HomeCloudPlaybooks/lessons_learned.md

4.1 KiB

Lessons Learned

  • The network role in this repository is a powerful tool that sets up a complete network stack, including Nginx Proxy Manager for reverse proxying and wireguard-easy for a WireGuard web UI.

  • The gitea and postgres roles use Docker Compose to deploy their respective services.

  • Properly managing variables, especially secrets like passwords and API keys, is crucial. Using group_vars and a .gitignored secrets directory is a good practice.

  • It's important to have a clear plan and get user feedback before making any changes. The "planning mode" and "acting mode" paradigm is a good way to structure the workflow.

  • The docker role proved problematic on Ubuntu 24.04 (noble) due to repository issues.

  • Podman is a viable and simpler alternative to Docker for container management.

  • Ansible modules designed for Docker (e.g., community.docker.docker_compose_v2, docker_container) are not directly compatible with Podman.

  • podman-compose can be used with ansible.builtin.shell for managing docker-compose.yml files with Podman.

  • containers.podman.podman_container is the direct replacement for docker_container for managing individual Podman containers.
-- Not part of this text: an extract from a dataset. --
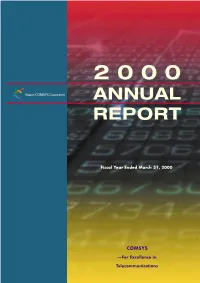 Annual Report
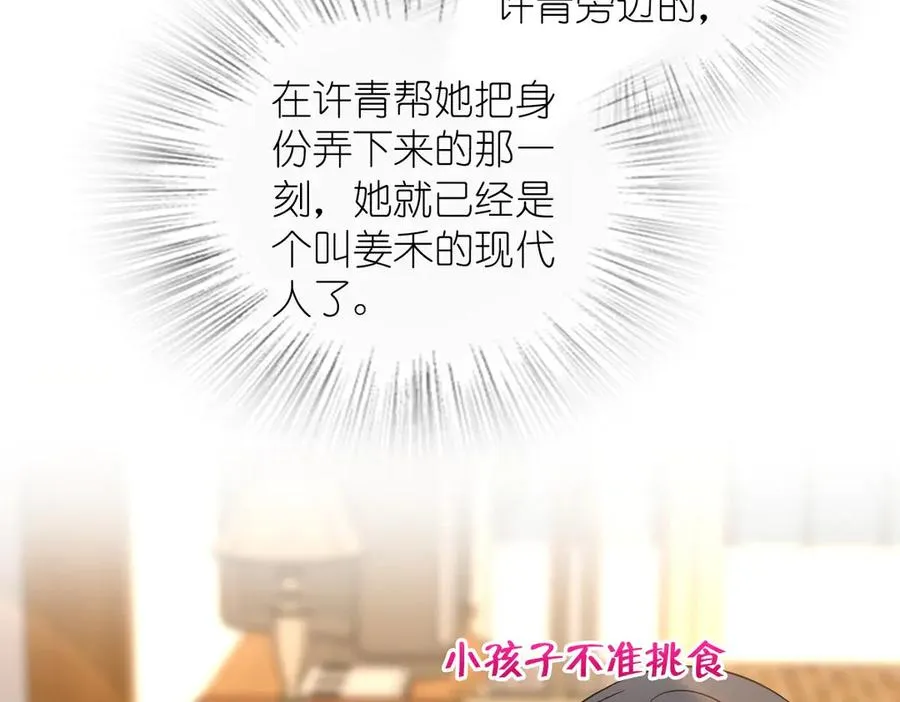 372 第27页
  • Ansible Vault is crucial for securely managing sensitive data like passwords in version control.

  • General Debugging Principles:

    • Always trust the user's direct experience and observations, even if they initially contradict assumptions or playbook output.
    • When a playbook reports success but the desired state isn't met, investigate deeper. Ansible's changed status can be misleading if the underlying application fails after the module reports success.
    • Use increased verbosity (-vvv) for detailed debugging output from Ansible.
    • Systematically verify each layer of the stack (container logs, host processes, host firewall, cloud firewall).
  • Podman Specifics & Rootless Containers:

    • Rootless Podman requires tasks managing user-specific files and containers to explicitly use become: false.
    • Using ~ (tilde) in paths for user home directories is more robust than relying on ansible_user_dir, which can sometimes resolve unexpectedly.
    • Fully qualifying image names (e.g., docker.io/portainer/portainer-ce) prevents registry ambiguity issues and avoids interactive prompts.
    • Debugging container startup issues requires checking:
      • podman ps -a (to see all containers, running or exited).
      • podman logs <container_name> (to get application logs).
      • sudo podman ps (to check for rootful containers that might be interfering).
    • Orphaned conmon processes from failed container startups can block ports and require manual cleanup (sudo kill <PID>, podman stop/rm).
    • Ensure registries.conf is correctly templated (ansible.builtin.template, not ansible.builtin.copy) and placed in ~/.config/containers/registries.conf for rootless Podman.
    • Verify Podman's actual listening port on the host with sudo ss -tulnp | grep <port> (or lsof).
  • Ansible Best Practices:

    • Idempotency is paramount: Always strive for idempotent tasks that describe the desired state (e.g., ansible.posix.firewalld, ansible.builtin.service) rather than imperative shell commands.
    • Ensure all necessary Python libraries (python3-firewall) and system services (firewalld) are installed and running on target hosts before modules that depend on them are called.
    • Explicitly set become: false on tasks that should run as the connecting user, especially when the play has become: true by default.
    • The ansible.builtin.template module must be used for Jinja2 templates; ansible.builtin.copy does not process templates.
  • Networking & Cloud Considerations:

    • Host firewall (firewalld) rules are separate from cloud provider security rules (e.g., Oracle Cloud Network Security Groups/Security Lists). Both layers must be correctly configured.
    • Ansible playbooks typically cannot manage cloud provider firewalls without specific cloud collections (e.g., oracle.oci).